映画においてバレエというモチーフは、何かと“コントロールに置かれた少女”の文脈で用いられがちだ。前作で着用していたトウシューズがコスプレイヤーからいかんせん不評だったこともあってか、グウェンは本作の途中からミントグリーンのチャック・テイラーに履き替えている。これはどうやら“スパイダー・パンク”ことホービーから拝借したものらしく、どのユニバースでもコンバースがバンドマンの必須アイテムであることに変わりはないらしい。グウェンは元々住んでいたアース65でもコンバースの愛用者で、バンド活動中はもちろん、プロムのドレスにさえ似たカラーのチャックスを合わせている。
二重のアイデンティティを親に受け入れてもらえず苦悩するグウェンのドラマは、多くのLGBTQIA+当事者から共感の声を集めた。そんなドラマを読み解くモチーフとして、靴は欠かせない要素。というのも、グウェンのヒーロースーツはトランス・プライドの旗(パステルピンク・パステルブルー・白の3色)と同じカラーリングになっており、そのうちブルーの面積のほとんどを足元、靴が占めている。グウェンの自室には「PROTECT TRANS KIDS」と書かれたフラッグも貼られていて、多くの登場シーンではこの三色が鮮やかに用いられている。
本編中、グウェンが靴を履き替える間には悲劇的なエピソードが挟まれる。グウェンは父親であるステイシー警部に、もう一つのアイデンティティ(スパイダーウーマン)を望まぬ形で“カミングアウト”することになってしまい、更にはそのアイデンティティを誤解されていて(アース65のピーターを殺害した犯人と思われている)、あろうことか銃を向けられ拒絶されてしまうのだ。親元を離れたグウェンはセーフ・スペースとなるコミュニティに身を移し、トウシューズではなく普段履きのスニーカーをヒーロースーツに合わせるようになる。この緩やかなトランジションの演出は、グウェンのなかで学生ドラマーとスーパーヒーローという二つのアイデンティティの境界が、環境や状況の変化に伴って薄れていき、どちらか片方を隠すことなく表現するようになった、そう読み解くことも可能だ。
クライマックス、グウェンとステイシー警部という2人の“冷蔵庫の女”が和解し、運命をそれぞれの手に奪還するシーンは非常にエモーショナルで美しい。『アメイジング・スパイダーマン2(2014)』を思い出して欲しいが、グウェン・ステイシーというキャラクターが持つ最大のスーパーパワーは他ならぬ“スピーチ”なのだ。胸の奥から溢れ出したようなグウェンの悲痛な訴えは、苦難を強いられ、時には命さえ犠牲にさせられるマイノリティ達の物語の一つ一つが決して無駄ではないこと、運命を覆すほどの強大なパワーを持つことを、力強く証明してくれた。

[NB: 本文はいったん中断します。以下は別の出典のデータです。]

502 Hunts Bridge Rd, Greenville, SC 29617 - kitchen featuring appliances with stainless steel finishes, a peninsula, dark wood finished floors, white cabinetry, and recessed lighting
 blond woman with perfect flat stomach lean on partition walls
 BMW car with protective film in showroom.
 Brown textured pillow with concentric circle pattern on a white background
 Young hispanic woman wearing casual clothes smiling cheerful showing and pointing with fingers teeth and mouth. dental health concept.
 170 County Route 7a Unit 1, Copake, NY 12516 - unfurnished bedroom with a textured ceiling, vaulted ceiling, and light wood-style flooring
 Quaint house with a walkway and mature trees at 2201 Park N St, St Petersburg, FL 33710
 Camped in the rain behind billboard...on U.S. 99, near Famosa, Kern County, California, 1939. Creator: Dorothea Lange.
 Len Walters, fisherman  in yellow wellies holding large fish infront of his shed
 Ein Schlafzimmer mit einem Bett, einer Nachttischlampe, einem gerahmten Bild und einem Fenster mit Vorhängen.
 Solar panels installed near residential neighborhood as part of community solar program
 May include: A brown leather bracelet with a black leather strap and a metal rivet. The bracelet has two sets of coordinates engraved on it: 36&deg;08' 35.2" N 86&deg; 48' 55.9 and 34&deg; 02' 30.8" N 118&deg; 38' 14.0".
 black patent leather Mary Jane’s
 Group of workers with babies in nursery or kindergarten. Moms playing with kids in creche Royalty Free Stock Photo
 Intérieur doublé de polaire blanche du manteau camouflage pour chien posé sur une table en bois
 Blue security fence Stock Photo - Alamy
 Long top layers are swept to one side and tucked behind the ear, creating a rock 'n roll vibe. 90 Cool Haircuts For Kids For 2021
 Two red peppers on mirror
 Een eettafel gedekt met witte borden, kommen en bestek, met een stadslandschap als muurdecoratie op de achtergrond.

ところで、本作に登場するスパイダーたちは皆、ソールの硬そうな靴ばかり履いている。マイルスのAJ1、グウェンのチャックス、ホービーとジェスはブーツで、パヴィトルは裸足に近いサンダルだし、ピーター・Bに至っては”COOL DAD”の刺繍入りスリッパだ。やはり、なるべく底の薄い靴の方が壁に引っ付いたり、何かとスパイダーマンぽい活動がやりやすかったりするのだろうか。ちなみに次回作に登場が期待される“東映版”こと山城拓也の場合は、学校用の上履きを赤く塗ったものだ。